March cakes
Locals - orders for March open today, and as ever you’ll get early access, starting at 10am, by clicking here. Next month’s menu features some of my favorite flavors - roasted strawberries, cajeta, coconut sugar, yuzu, kumquats, and caramelized honey.
Five Nice Things
A few weeks ago I arrived at a meeting of my book club in a dark mood. Chatting with the other members, it was apparent that the feeling was universal. Despite glowing economic reports on the front pages of the national papers, everyone was feeling financially pinched. The international news is unfathomably dark. Even the upcoming Mardi Gras celebration wasn’t enough to lighten our collective spirits.
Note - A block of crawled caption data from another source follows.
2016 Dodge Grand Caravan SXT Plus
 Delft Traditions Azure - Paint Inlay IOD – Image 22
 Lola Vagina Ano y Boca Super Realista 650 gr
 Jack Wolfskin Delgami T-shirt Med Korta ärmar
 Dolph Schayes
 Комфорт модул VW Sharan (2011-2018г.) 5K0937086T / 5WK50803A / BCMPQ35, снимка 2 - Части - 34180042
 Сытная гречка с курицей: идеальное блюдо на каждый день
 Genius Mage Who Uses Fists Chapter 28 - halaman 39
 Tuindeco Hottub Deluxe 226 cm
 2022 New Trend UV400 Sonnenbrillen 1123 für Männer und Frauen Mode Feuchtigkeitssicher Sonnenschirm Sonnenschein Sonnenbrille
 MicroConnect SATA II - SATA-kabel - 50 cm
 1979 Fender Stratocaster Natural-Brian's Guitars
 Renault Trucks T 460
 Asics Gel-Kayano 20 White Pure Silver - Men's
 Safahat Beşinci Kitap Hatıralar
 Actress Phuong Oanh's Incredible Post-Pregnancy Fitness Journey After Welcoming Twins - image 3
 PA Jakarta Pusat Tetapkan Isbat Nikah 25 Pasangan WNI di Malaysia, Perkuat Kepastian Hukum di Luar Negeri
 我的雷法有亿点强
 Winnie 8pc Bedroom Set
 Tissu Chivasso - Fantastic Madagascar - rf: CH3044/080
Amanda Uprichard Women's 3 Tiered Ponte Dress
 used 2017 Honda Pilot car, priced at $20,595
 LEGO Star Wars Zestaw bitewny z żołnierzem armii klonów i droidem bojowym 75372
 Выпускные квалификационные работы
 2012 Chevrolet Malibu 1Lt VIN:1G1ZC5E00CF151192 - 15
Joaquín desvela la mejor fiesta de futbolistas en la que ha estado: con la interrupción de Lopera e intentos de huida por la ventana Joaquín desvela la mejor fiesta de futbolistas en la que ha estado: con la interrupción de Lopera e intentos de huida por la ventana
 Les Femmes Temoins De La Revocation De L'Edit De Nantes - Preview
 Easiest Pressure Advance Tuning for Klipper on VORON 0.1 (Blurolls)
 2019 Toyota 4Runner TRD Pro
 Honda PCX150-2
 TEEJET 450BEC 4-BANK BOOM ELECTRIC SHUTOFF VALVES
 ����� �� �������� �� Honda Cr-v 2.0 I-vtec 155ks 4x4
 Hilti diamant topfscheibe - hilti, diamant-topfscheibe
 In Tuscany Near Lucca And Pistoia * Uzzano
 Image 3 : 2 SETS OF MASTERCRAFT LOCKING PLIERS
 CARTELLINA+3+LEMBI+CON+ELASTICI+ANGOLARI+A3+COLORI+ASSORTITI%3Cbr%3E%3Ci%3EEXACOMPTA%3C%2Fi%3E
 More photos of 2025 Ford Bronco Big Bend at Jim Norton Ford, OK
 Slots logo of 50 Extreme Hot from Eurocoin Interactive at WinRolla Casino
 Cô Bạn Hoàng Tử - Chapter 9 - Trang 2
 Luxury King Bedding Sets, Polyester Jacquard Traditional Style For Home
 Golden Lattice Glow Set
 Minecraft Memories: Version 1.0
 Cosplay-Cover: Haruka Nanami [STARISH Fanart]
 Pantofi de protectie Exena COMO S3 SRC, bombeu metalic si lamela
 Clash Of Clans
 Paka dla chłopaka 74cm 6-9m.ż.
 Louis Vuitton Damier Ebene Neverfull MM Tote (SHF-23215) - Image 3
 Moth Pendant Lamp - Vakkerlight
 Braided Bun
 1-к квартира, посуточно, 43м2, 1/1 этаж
Like practically everyone, when I’m depressed it's hard to hold on to the parts of my job that I love, and my creative practice feels sluggish. The other day, the writer Emily Sundberg was doing an AMA in her Instagram stories, and someone asked her the best way to get a writing job in New York. Her response? “The most important quality I look for and that most people look for when hiring is people who are excited to work a lot, that they’re honest and trustworthy, and that their ideas and references come from places other than the internet”. The last part struck me cold. I am chronically online, and I’m beginning to hate it. Coupled with the general malaise, I’ve been hungering for something to feel inspired by, and it feels like I can’t afford to wait for it to come the natural way (i.e., oozing up from some primordial pit that I refuse to examine closely). I definitely haven’t been finding it in doomscrolling.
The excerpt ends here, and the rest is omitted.